8. The video-based face recognition device of claim 7, wherein the feature extraction module is specifically configured to:
and respectively extracting the characteristics of each video frame through a convolutional neural network (SSD) to obtain a face characteristic vector and a weight corresponding to each video frame.
9. A video-based face recognition apparatus comprising a memory, a processor and a computer program stored in the memory and executable on the processor, characterized in that when the computer program is executed by the processor, the video-based face recognition method according to any one of claims 1 to 6 is implemented.
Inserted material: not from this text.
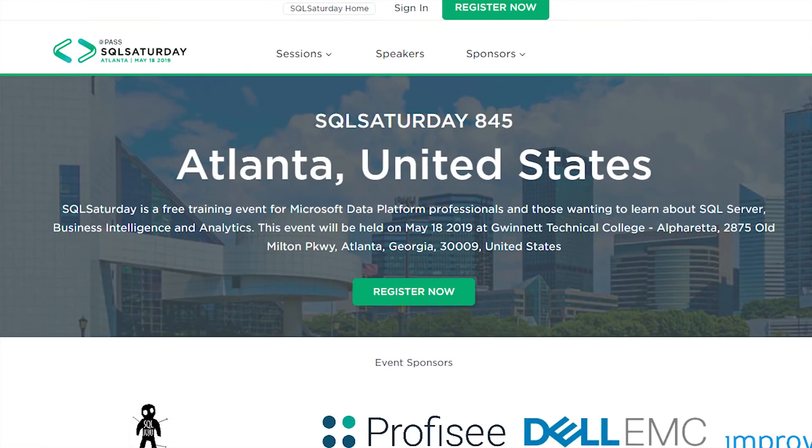If you're going to be in Atlanta, Georgia next weekend, Patrick and I will be at SQL Saturday Atlanta. We would love to see you, meet you, talk with you, hang out, maybe get a coffee together. Come out, say hi, and let's learn something.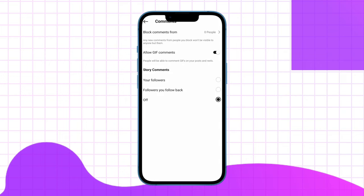Here in the story comments, select according to your preference who you want to allow to comment on your story. If you want to turn it off completely, simply tap on the off option and save it.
10. A computer-readable storage medium, in which a computer program is stored which, when being executed by a processor, carries out a video-based face recognition method according to any one of claims 1 to 6.
Background
The image-based face recognition technology has made great progress, and the current algorithm has obtained nearly 100% accuracy on the LFW data set, but the video-based face recognition effect is still not ideal. In consideration of the fact that certain application scenes cannot constrain the recognition target, a good effect cannot be obtained by directly extracting a certain frame of the face video for recognition, and therefore the video face recognition has a high application value. Compared with the traditional feature extraction method, the face feature extraction method based on the convolutional neural network can obtain more discriminative feature information, and the key of video face recognition is how to represent a group of features rather than a face image.
Video face recognition can be regarded as a feature fusion process, and the most common feature fusion strategies include maximum pooling, average pooling and score pooling. The former two methods are fusion based on eigenvalues, and the latter method is fusion based on eigenvalue comparison results. Although the three methods are easy to implement, the problems of face posture and illumination transformation and the like cannot be processed. The embedded media pooling method for face verification and clustering adds media number information on the basis of an average pooling method, but the method is only suitable for IJB-A data sets and lacks generalization capability. Unconstrained face recognition using a set of distance metrics to a set of distance metrics on deep learning features proposes a K-nearest neighbor average pooling method based on an average pooling method. In the method, only the score of the most similar target is considered in the characteristic comparison process, so that the intra-class characteristic distance can be shortened, but the inter-class characteristic distance is shortened, and the noise sample interference is easy to cause, so that the method cannot obtain satisfactory effect on a YTF data set and an IQIYI data set with a large number of frames of a single video face image, and meanwhile, most of the prior art needs reference evaluation and additional training of an evaluation model.
Disclosure of Invention
The invention aims to solve the technical problem of the prior art and provides a method, a device and a storage medium for face recognition based on video.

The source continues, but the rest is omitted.